Among the major global corridors, the Northeast Asia to Europe market saw a +10% increase versus a year ago, to $4.32 per kg, but fell -2% month-on-month, while Northeast Asia to North America spot rates experienced the steepest month-on-month decline, dropping -17% to $3.79 per kg.
Meanwhile, the Transatlantic market remained buoyant. Spot rates from Europe to both Latin America and North America recorded high single-digit growth month-on-month, maintaining levels over +20% higher than a year ago. This elevated spot rate reflects limited passenger belly capacity during the winter flying season as well as freighter capacity shifting away from the corridor.
On the other hand, ample backhaul capacity led to the largest spot rate declines in both the North America and Europe to Northeast Asia markets, both registering year-on-year falls exceeding -10%.
Heading into 2025, Xeneta was forecasting a year of +4-6% growth in the global air cargo market, after its strong performance in 2024. Growing trade tension since then now place a big question mark over the outlook.
“With general cargo demand in the doldrums in recent years, the surge in e-commerce has been the saviour of the air cargo market performance. If this now takes a significant hit, if that happens, it will have a profound effect on airfreight rates around the world,” van de Wouw said.
For now, the big e-commerce players and general cargo shippers are buying time instead of cargo capacity to avoid commitments which might bring added financial risk.
“From the conversations we are hearing, some shippers are clearly looking for ways to minimise the impact of US tariffs, while others will be anticipating lower airfreight rates if e-commerce volumes show a sustained dip.”

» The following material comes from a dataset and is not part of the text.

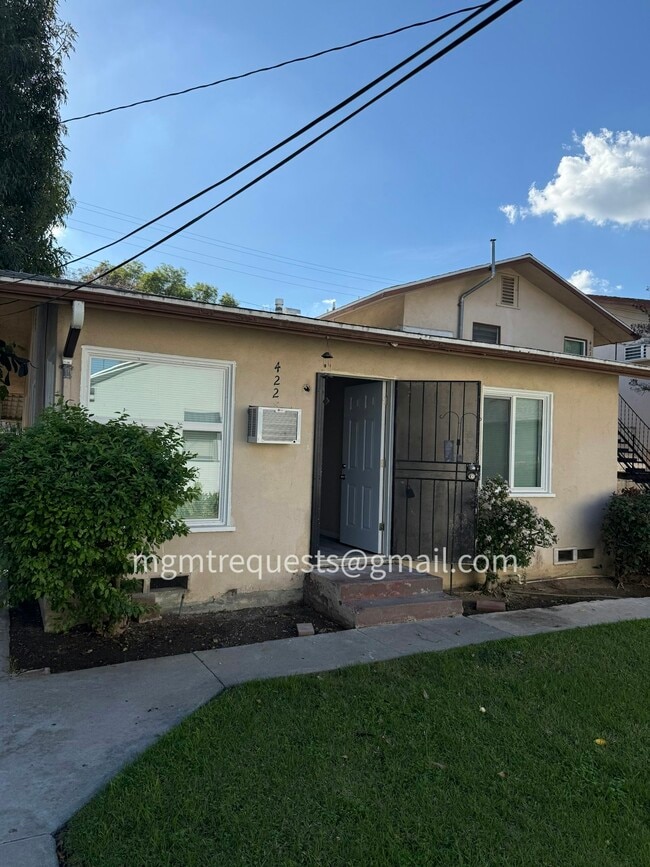 Building Photo - 4228 Tenth St Unit 4228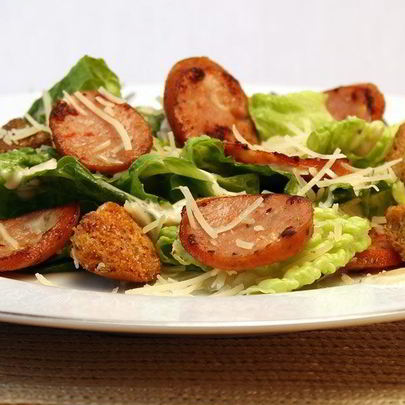 Салат Цезарь с колбасой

This is also going to have a knock-on impact on other markets, van de Wouw said, adding: “If I was shipping ex Vietnam to the US right now, for example, I’d be concerned about the impact on rates if more shippers descend on this corridor to lessen the impact caused by tariffs on direct shipments from China to the US,” he added.
Further complicating the matter are proposed US port fees for Chinese built ships, which could throw ocean schedules into disarray, in the short-term driving up container freight rates and even prompting a shift from sea to air.

What’s next? Uncertainty and trade tension
The tariffs imposed by the Trump administration in the US and the awaited international response are causing increasing ripple effects across the global air cargo market, prompting strategic adjustments from key stakeholders.
With upcoming summer schedule changes and ongoing trade tensions, airlines are currently reassessing their freighter capacity strategies. Many may opt to shift routes toward Southeast Asia rather than China or reposition capacity to the Transatlantic.
Uncertainty in the market has led to freight forwarders delaying their block space agreement negotiations with airlines as they await more clarity on demand and pricing.
Meanwhile, some shippers are postponing annual contract negotiations from Q2 2025 while opting for shorter-term agreements in the first half of the year.
Van de Wouw says it’s a hard market to call: “This is a situation completely outside of the control of the air cargo market and there’s a great deal of noise, which is adding to stakeholders’ anxiety. The issue is no one knows what the end game is and what’s going to happen from a regulatory perspective, and how this will impact consumer confidence.”